(Beginning of Record set)

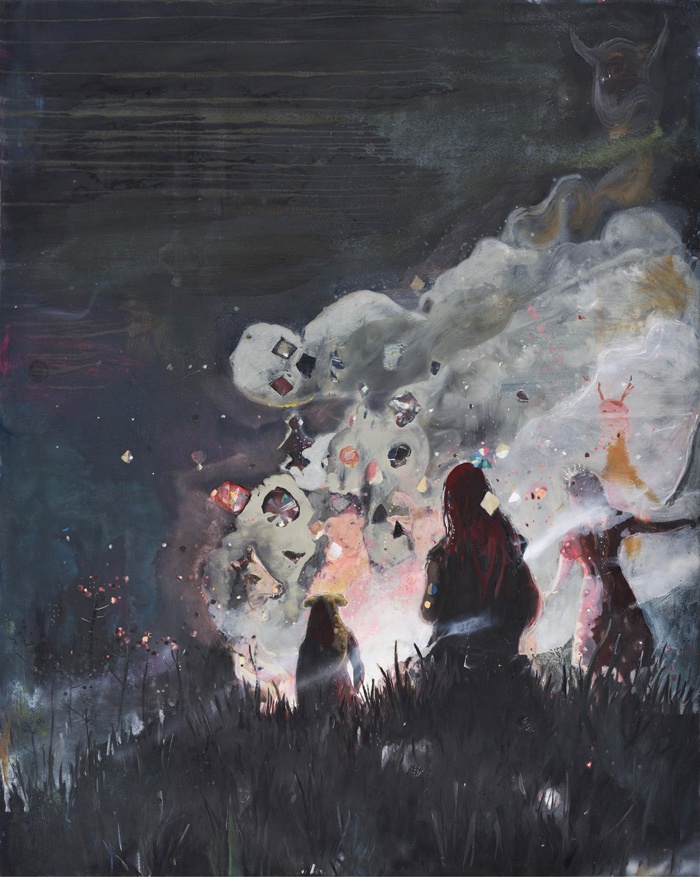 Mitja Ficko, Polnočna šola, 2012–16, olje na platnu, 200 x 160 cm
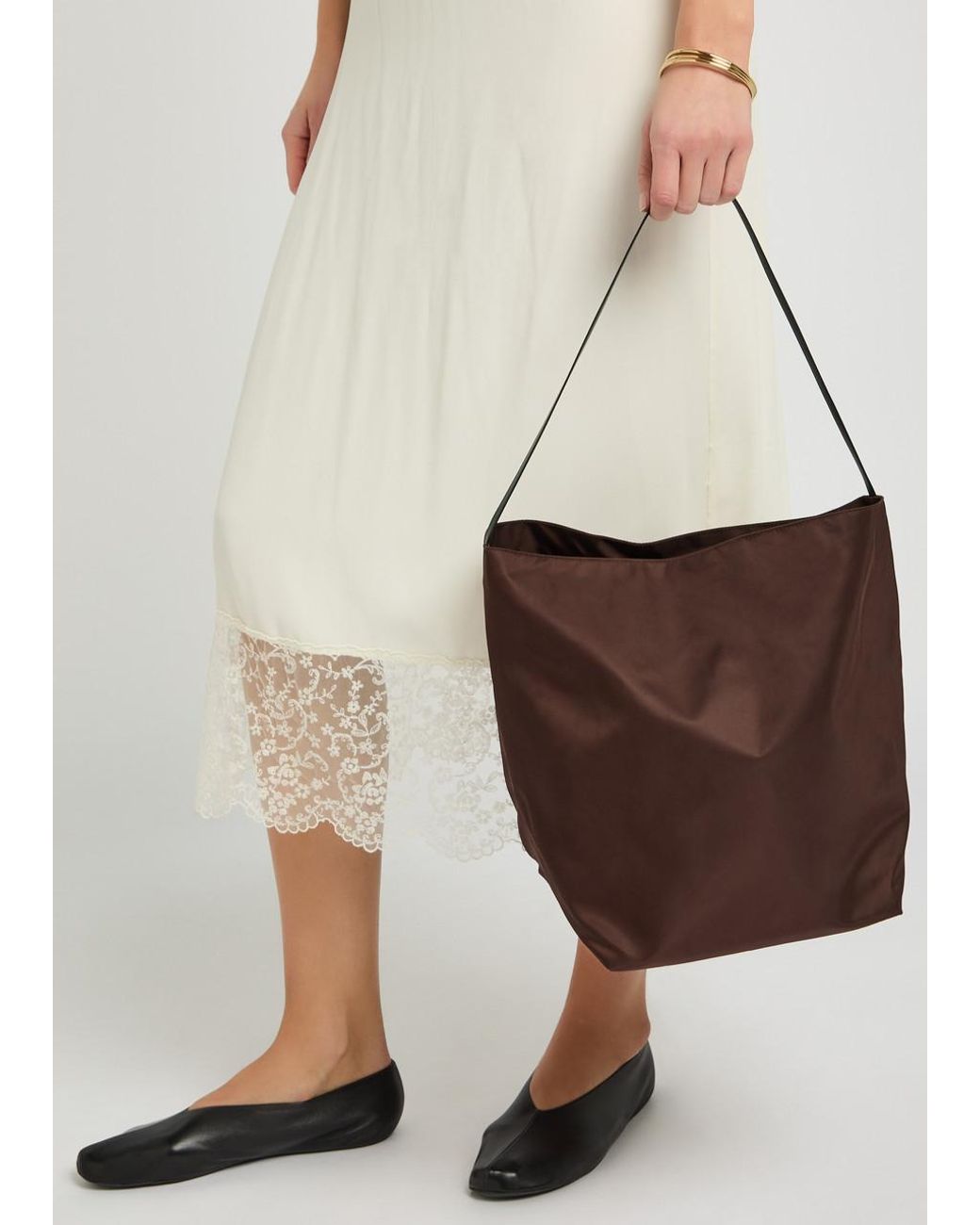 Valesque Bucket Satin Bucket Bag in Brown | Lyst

(End of Record set)
(Beginning of Record set)

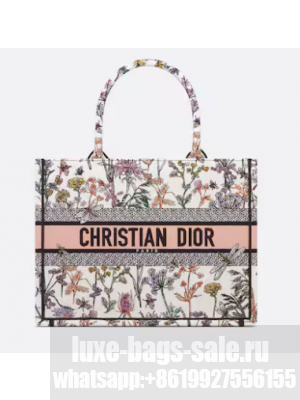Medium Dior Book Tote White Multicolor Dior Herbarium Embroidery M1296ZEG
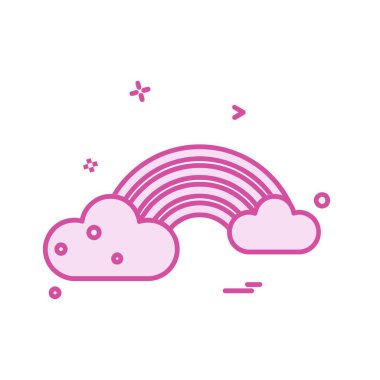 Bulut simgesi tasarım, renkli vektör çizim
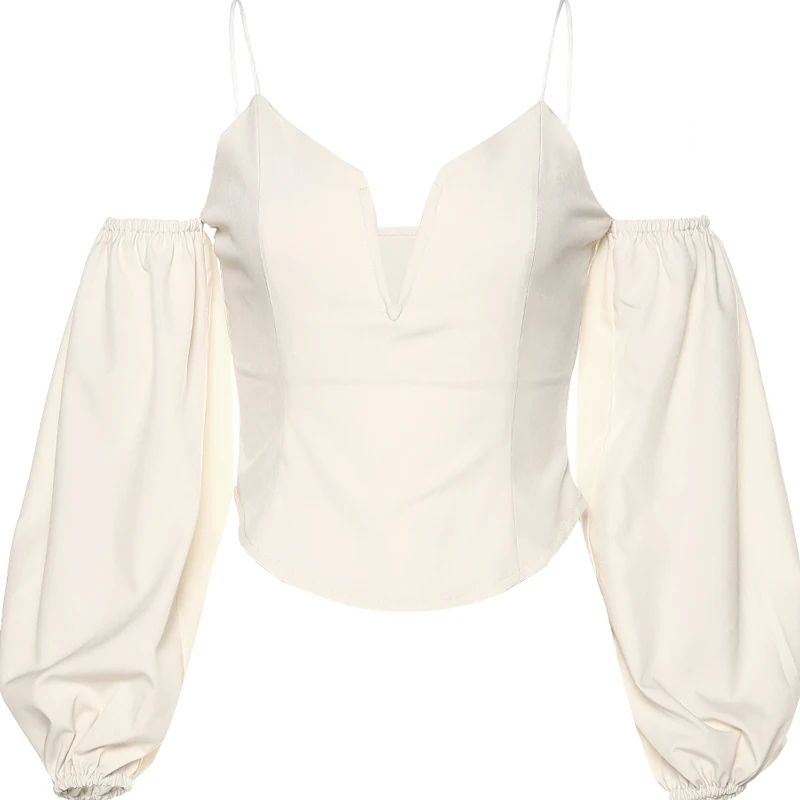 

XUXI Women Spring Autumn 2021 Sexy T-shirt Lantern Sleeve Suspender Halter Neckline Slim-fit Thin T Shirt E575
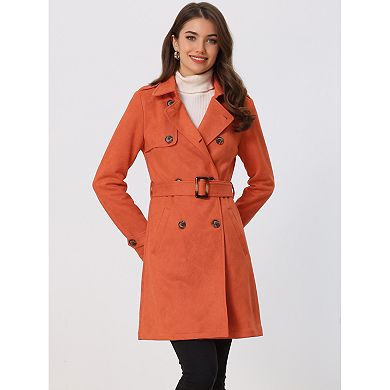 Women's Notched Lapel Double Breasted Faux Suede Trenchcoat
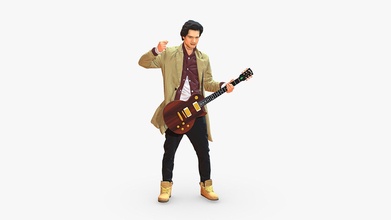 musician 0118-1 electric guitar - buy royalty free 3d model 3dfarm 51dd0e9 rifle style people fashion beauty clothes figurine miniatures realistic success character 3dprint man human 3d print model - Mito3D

(End of Record set)
(Beginning of Record set)

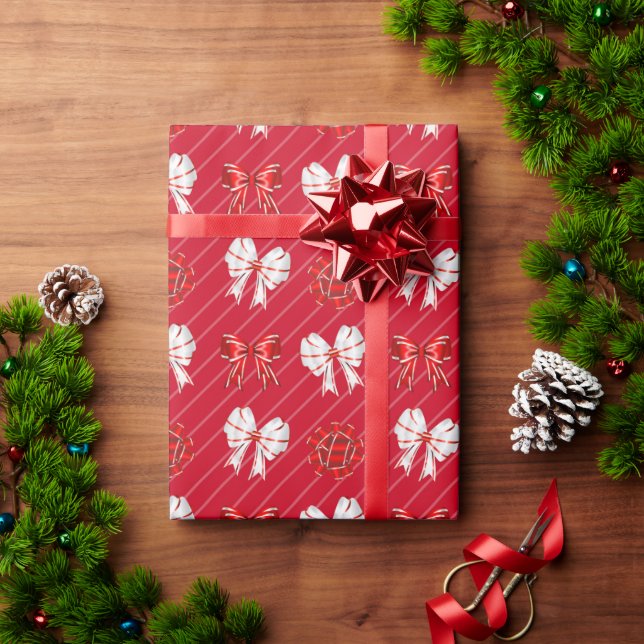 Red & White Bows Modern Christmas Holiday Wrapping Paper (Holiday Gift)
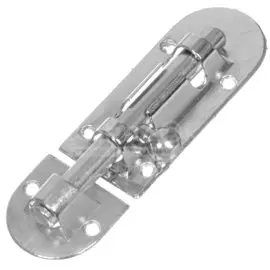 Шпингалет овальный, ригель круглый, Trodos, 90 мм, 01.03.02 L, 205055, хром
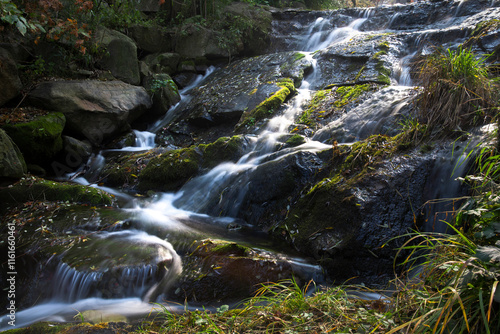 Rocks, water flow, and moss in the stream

(End of Record set)

--- The task ---
Starting at the line above that holds "Mitja Ficko, Polnočna", repeat every line exactly down to and including the line that holds "Valesque Bucket Satin", then stop. Do not carry over any pictures.

--- Your solution ---
 Mitja Ficko, Polnočna šola, 2012–16, olje na platnu, 200 x 160 cm
 Valesque Bucket Satin Bucket Bag in Brown | Lyst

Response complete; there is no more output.